“I have a school which has not had the ability to hire guidance counselors,” Perez said. “Some simply cannot afford to hire teachers’ aides. Larger square footage for classrooms…chemistry labs, those sort of things you expect as part of your high school education.
“Facility funding is the single biggest challenge in starting or sustaining a charter public school and our state does not provide new or existing charter schools with access to facility funding or underutilized local public school facilities,” Perez said.Waters pulls a passage from the article and highlights the charter's high (for a charter) special needs percentage.

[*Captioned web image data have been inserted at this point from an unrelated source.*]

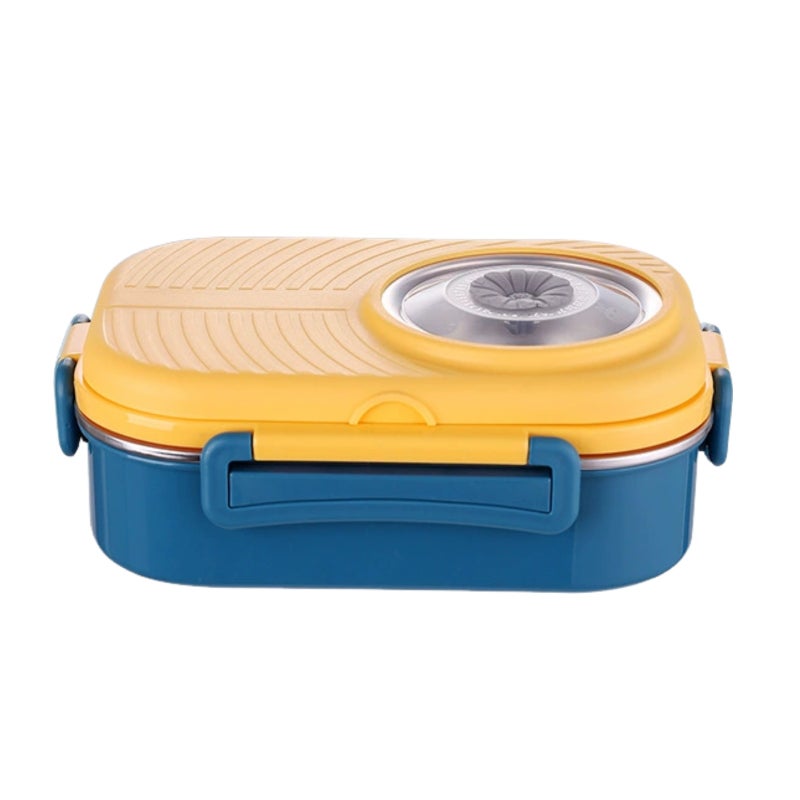 Stainless steel multi-grid thermal insulation lunch box, student office workers with soup bowls, sealed and separated tableware - Image 1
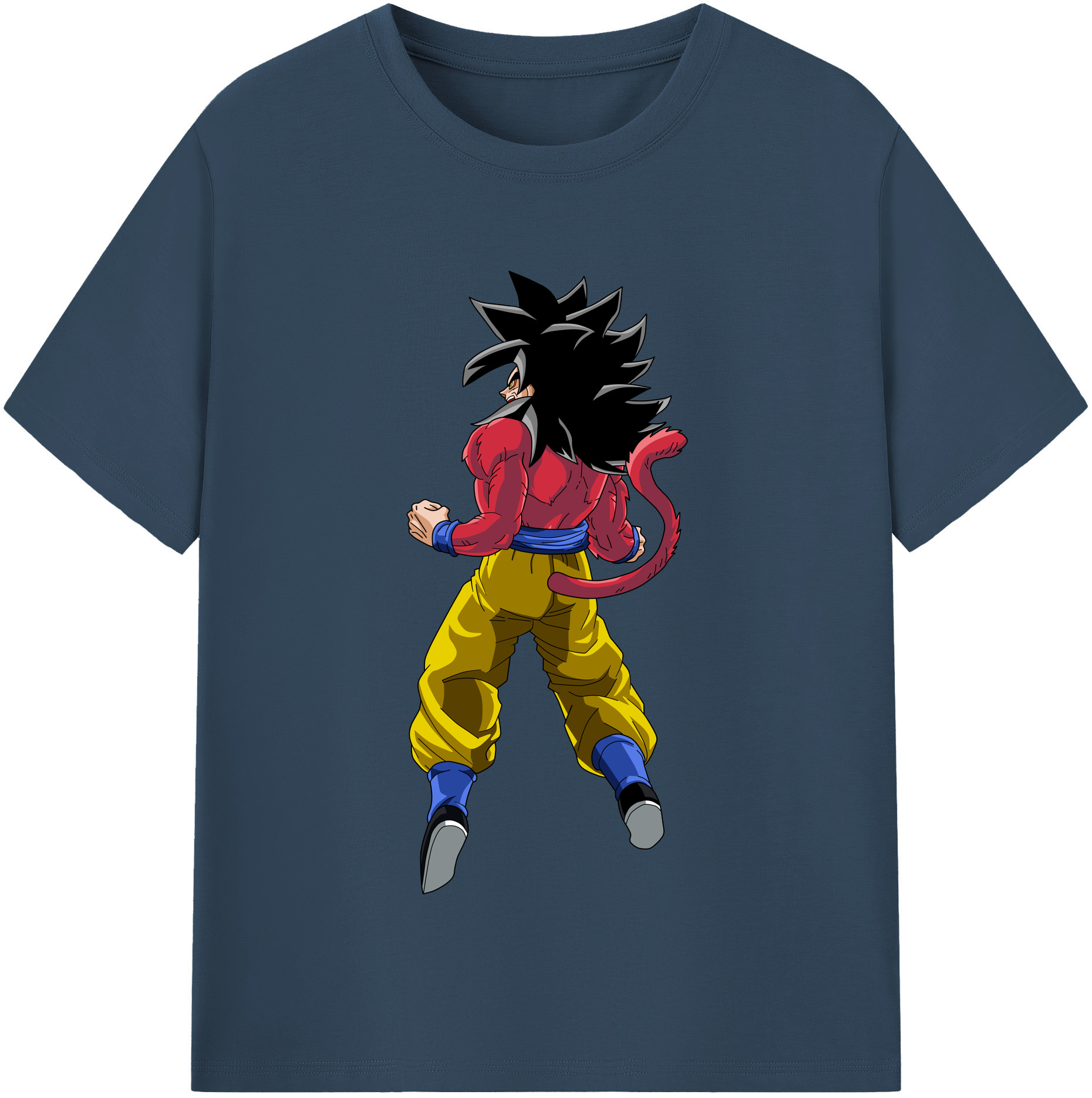 （画像用） ドラゴンボール 孫悟空（そん ごくう）Son Goku カカロット DRAGON BALL Kakarotto レディースカジュアルプリントTシャツ（綿100％）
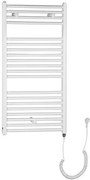 Aqualine Aqualine, DIRECT-E elektrické vykurovacie teleso, rovné, 450x960 mm, 300W, biela, ILE94T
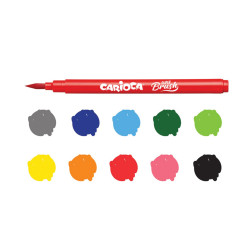 Carioca Super Brush 42937 μαρκαδόροι ακουαρέλλας 10χρμ
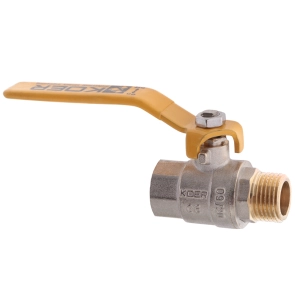 Кран кульовий Koer 1/2" ГШР газ (KR.215.G) (KR0116) №1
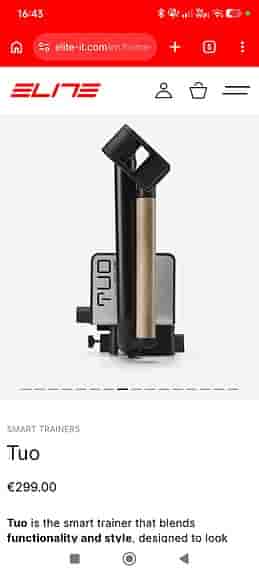 Elite TUO bike trainer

Academy Charter director MaryJo McKinley says her school opened 15 years ago in a renovated bar that was built in the 1990s but poorly maintained. She said the school has to spend 16 percent of its per-pupil budget on $30,556-a-month rent and facility issues.
The school’s per-pupil costs are about $19,362; at Asbury Park High School, the per-pupil cost in 2010-11 was $29,095, a figure heavily bolstered by state aid.
Academy Charter, with a roughly 19 percent special-needs population that year, had a 95.45 percent graduation rate in 2010-11, according to the state Department of Education. That rate has since crept up to 98 percent, says director MaryJo McKinley. Asbury Park High School had a graduation rate of 59.46 percent in 2010-11. (emphasis Waters', not mine)Waters says the passage should be particularly heeded by "those who swear that all charter schools weed out kids with disabilities." (emphasis mine)
But the passage doesn't stop at just pointing out that Academy has an unusually high IEP percentage for a charter school. It goes much, much further and compares Academy's per pupil funding and graduation rate to Asbury Park High School. The implication seems to be that Academy is getting less money and doing a better job than one of their sending districts for serving a more difficult population.
We'll just ignore for now that Academy kids are pulled from more districts than just Asbury Park, and for the sake of argument we'll go along with this comparison. Since Williams Boyd and Waters seemed to be content drawing conclusions from one data point and didn't do their homework, I did it for them.
I compared the special needs, LEP and Free/Reduced Lunch numbers between Academy Charter and Asbury Park High, and guess what I found? The Academy Charter IEP percentage may be 18.6%, but not surprisingly, it's higher in Asbury Park; 5% higher to be precise.
Isn't it curious that the article only pulls out the special needs percentage and the graduation rate and not the percentage of LEP or Free/Reduced Lunch students? If a person were so inclined, they may think that the NJCSA and Carlo Perez were purposefully selling a false narrative to the press to make it look like Academy is getting better results with a more disadvantaged population.
Academy may have a higher graduation rate compared to Asbury Park HS, but they are not serving the same population. Academy reports no Limited English Proficient students, and 18% less children in poverty. And note how many more of the Asbury Park kids are in deep poverty; a staggering 26% more qualify for Free Lunch. 96% of the kids in poverty in Asbury Park are in deep poverty.
You can't just pull out the IEP number as Waters and Boyd (and Perez?) have done and bandy it about as if it has meaning or tells a story. It just doesn't.
Of course that didn't stop them from using a solitary number to imply that there are charters that get better results and don't cream skim! A closer look reveals that like most (see Laura, I said most not all) charters Academy Charter does in fact cream skim.
And the point of the article is that Academy is getting less per-pupil and therefore has to endure less than adequate facilities. The question then becomes, should Academy Charter school get the same per pupil funding when they don't serve the same disadvantaged population?